Understanding the chemistry of the MAPEG enzymes is of particular importance within such a clinical context, since they are known to be responsible for the downstream differentiation of eicosanoids to specific chemical messengers, such as leukotrienes and prostaglandins. For example, one member of this enzymatic family that we currently study is dynamically up-regulated by the immune system to synthesise prostaglandin E2, the principle effector of localised pain, swelling and fever under these conditions. Gaining a more fundamental chemical understanding of terminal enzymes in eicosanoid biochemical pathways such as this may be indispensable for finely modulating the bodies immune response without inducing harmful side effects.

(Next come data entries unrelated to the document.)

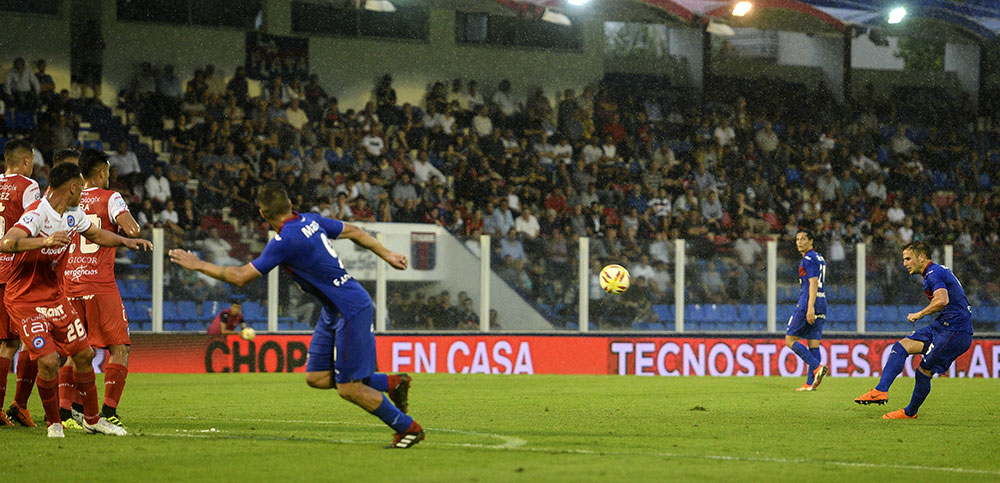 Superliga: heróico, Tigre se repuso y dio vuelta el partido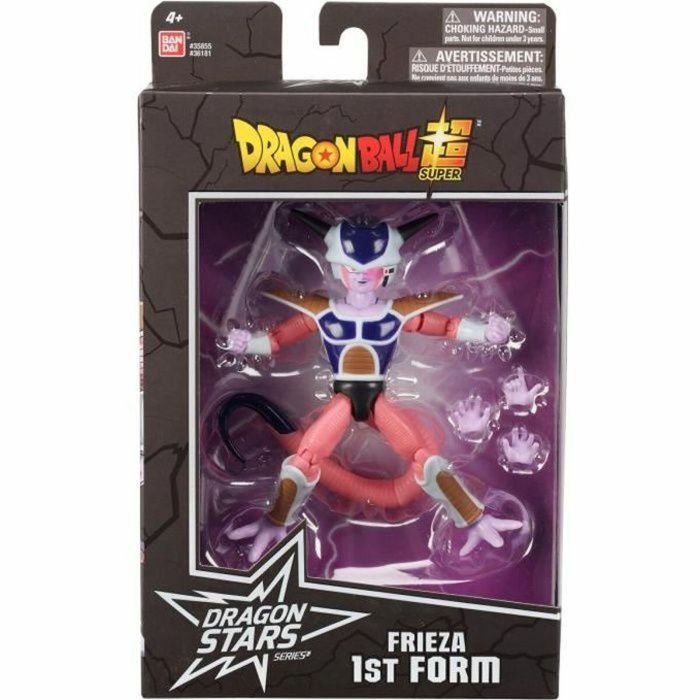 DRAGON BALL SUPER - Figura Dragon Star 17 cm - Congelador 1er formulario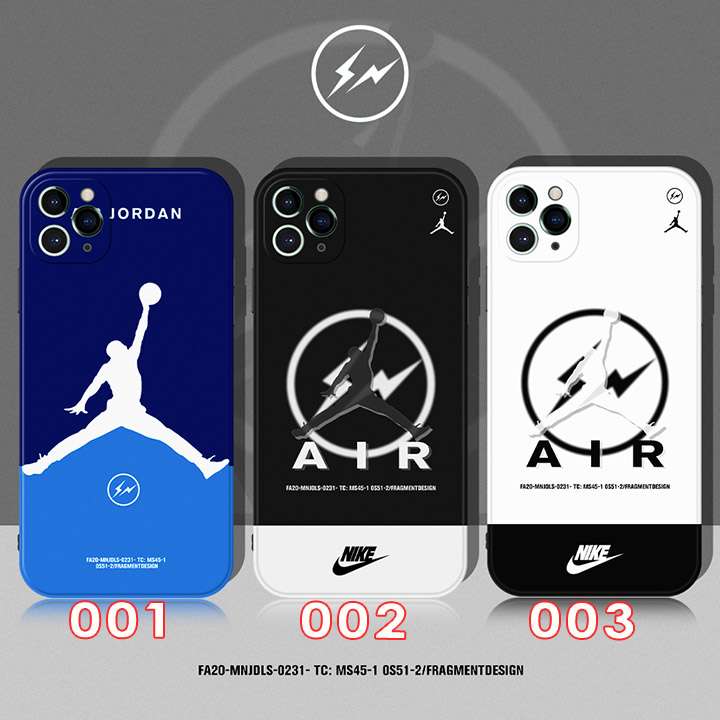 Air Jordanブランド iphone12ケース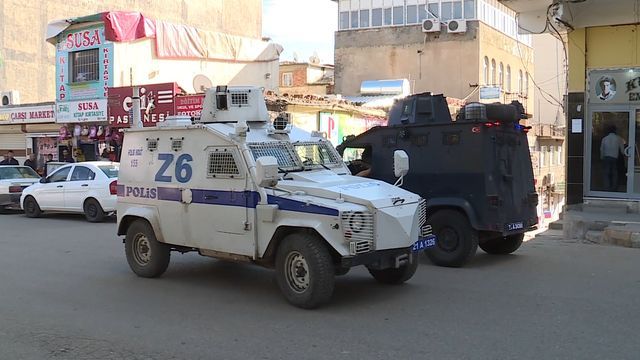 Diyarbakır PKK operasyonu! 44 gözaltı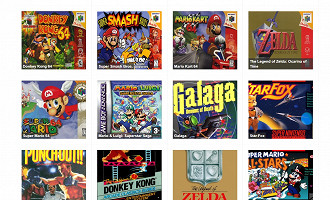 My Emulator é um site com a experiência completa para jogar SNES, N64, Game Boy e mais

One of the most powerful techniques in understanding the chemical mechanism of enzymes is X-ray crystallography, and our research group has contributed considerable insight into this enzymatic family's structure and function using this method. The method is limited however, in its necessity for a selection from many dynamic conformational states via the crystallisation process. In addition, the conditions of crystallisation are often very different from the physiological environment of the enzyme being studied. The effect of removing enzymes such as those of the MAPEG family from a biological membrane for instance, is often very hard to quantify.
For these reasons we would like to complement our research with Molecular Dynamics simulations of these molecules in their physiological environment using the computational resources of SNIC. Preliminary results from a molecular dynamics simulations using a common small allocation project of the Karolinska Institutet Protein Science Facility provided promising and insightful results, however, we have quickly exceeded our qouta and wish to do additional experiments for publication.
A medium allocation of 100 000 node hours per month would facilitate our further investigation of these enzymes under physiologically accurate conditions.